Yeni Başkan Mehmet Ekinci
İstanbul’dan önce Van 3. Ağır Ceza Mahkemesi Başkanı olan Mehmet Ekinci, geçen yıl Beşiktaş’taki özel yetkili adliyede görevlendirilmişti. Ekinci, şike soruşturması kapsamında operasyonların yapıldığı hafta nöbetçi yargıçtı.
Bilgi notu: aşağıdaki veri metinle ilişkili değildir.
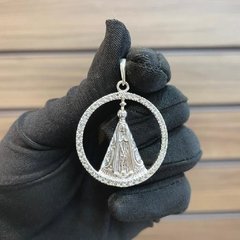 Pingente Nossa Senhora Aparecida 3,2X3,2cm Prata Legítima 925 - comprar online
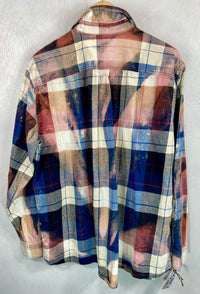 Vintage Navy Blue, White and Dusty Rose Flannel Size Large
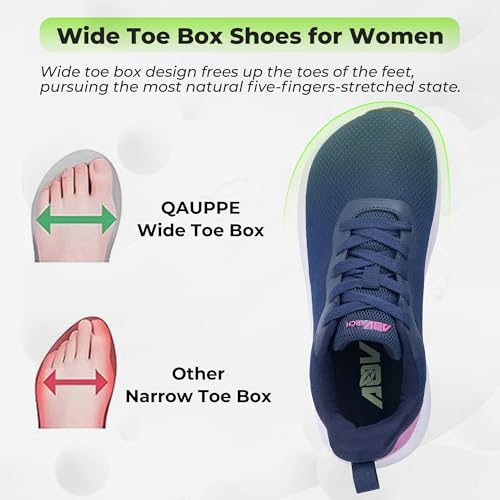 QAUPPE Wide Toe Box Shoes Women Arch Support Walking Sneakers Tennis Sneakers Orthotic Plantar Fasciitis Shoes US 6-113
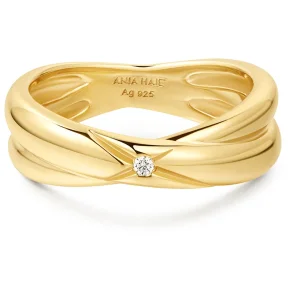 ANIA HAIE GOLD CROSS DOUBLE RING R061-06G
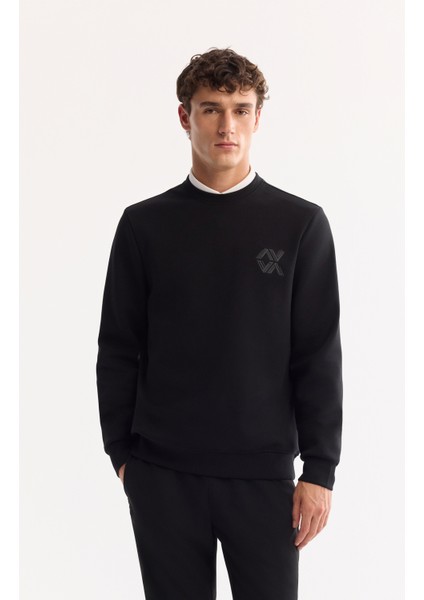 Erkek Siyah Bisiklet Yaka Pamuklu Bi-Stretch Basic Regular Fit Sweatshirt A52Y1328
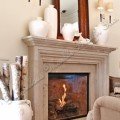 Simple Limestone Mantel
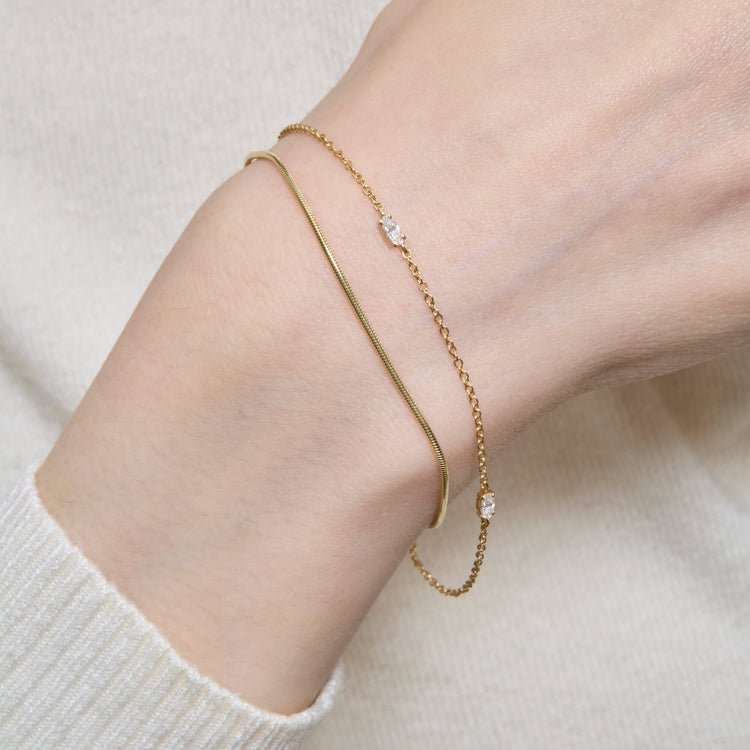 Image of 14K Yellow Gold Lab-Created Acrostic Mom Bracelet with Stone and Strand Bracelets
Ekinci, soruşturmada kapsamında Şekip Mosturoğlu, İlhan Ekşioğlu ve Bülent Uygun gibi şüphelilerden 22’si hakkında tutuklama kararı vermişti.
NOTLAR....
- Dava öncesinde Çağlayan Adliyesi çevresinde çok sayıda çevik kuvvet polis önlem aldı. Adliye içinde ve davanın görüleceği zemin katta da geniş güvenlik önlemleri alındı. Girişler sadece ana koridordaki girişten yapıldı. Burada da duruşmaya izleyici olarak girecekler ve basın mensuplarının isimleri kayıt altına alındı.
- Sanıklar, salona girişi sırasında yakınlarıyla el sallayarak selamlaştı. Gazeteci Nedim Şener ise eşi Vecide Şener’in elini kısa süre tuttu. Vecide Şener görevli tarafından uyarılınca yerine geçti.
- CHP milletvekilleri Binnaz Toprak, Sezgin Tanrıkulu, Umut Oran, İlhan Cihaner ve Oktay Ekşi, BDP’li Ertuğrul Kürkçü ve İstanbul Barosu Başkanı Ümit Kocasakal da duruşmadaydı.
- Kimlik tespiti sürerken CHP Milletvekili İlhan Cihaner, dışarıya çıkarak, 10-15 şişe su alıp salona getirdi ve izleyicilere dağıttı. Cihaner’in bu ikramı, “Milletvekili maaşlarına zam yapıldı o nedenle su dağıtıyor” esprisine konu oldu.
- İddianame okunurken avukatlardan birinin başka bir avukatın yanına giderek konuşması üzerine Mahkeme Başkanı, avukatı yerine dönmesi için uyararak, “Tabiri caizse soft bir duruşma yapıyoruz. Abartmayalım. Duruşmanın huzurunu bozmayalım” dedi. Mahkeme Başkanı daha sonra duruşmanın saat 18.00’e kadar devam edeceğini belirterek, “Başlamak bitirmenin yarısıdır, derler. Biz de başladık, devam edeceğiz” dedi.
- Arada yakınları, Soner Yalçın’a hangi kitabı okuduğunu sordu. Yalçın da, “Söylenir mi, biz teröristiz” diye cevap verdi.
- Duruşmayı izleyen bazı gazeteciler ve avukatlar da, twitter’dan canlı yayın yaptı.
41 yıla kadar değişen cezalar
Özel yetkili İstanbul Cumhuriyet Savcısı Cihan Kansız’ın hazırladığı 134 sayfalık iddianamede, Nazlı Ilıcak şikâyetçi olarak yer alırken, tutuklu şüpheliler Yalçın Küçük, Soner Yalçın, Ahmet Şık, Hanefi Avcı, Nedim Şener, Barış Terkoğlu, Barış Pehlivan, Doğan Yurdakul, Müesser Uğur, Coşkun Musluk, Sait Çakır ve cezaevinde geçirdiği rahatsızlığın ardından hayatını kaybeden Kaşif Kozinoğlu ile tutuksuz şüpheliler Ahmet Mümtaz İdil ve İklim Ayfer Kaleli sanık olarak bulunuyor. Sanıklar hakkında 7.5 yıldan 41 yıla kadar değişen hapis cezaları isteniyor.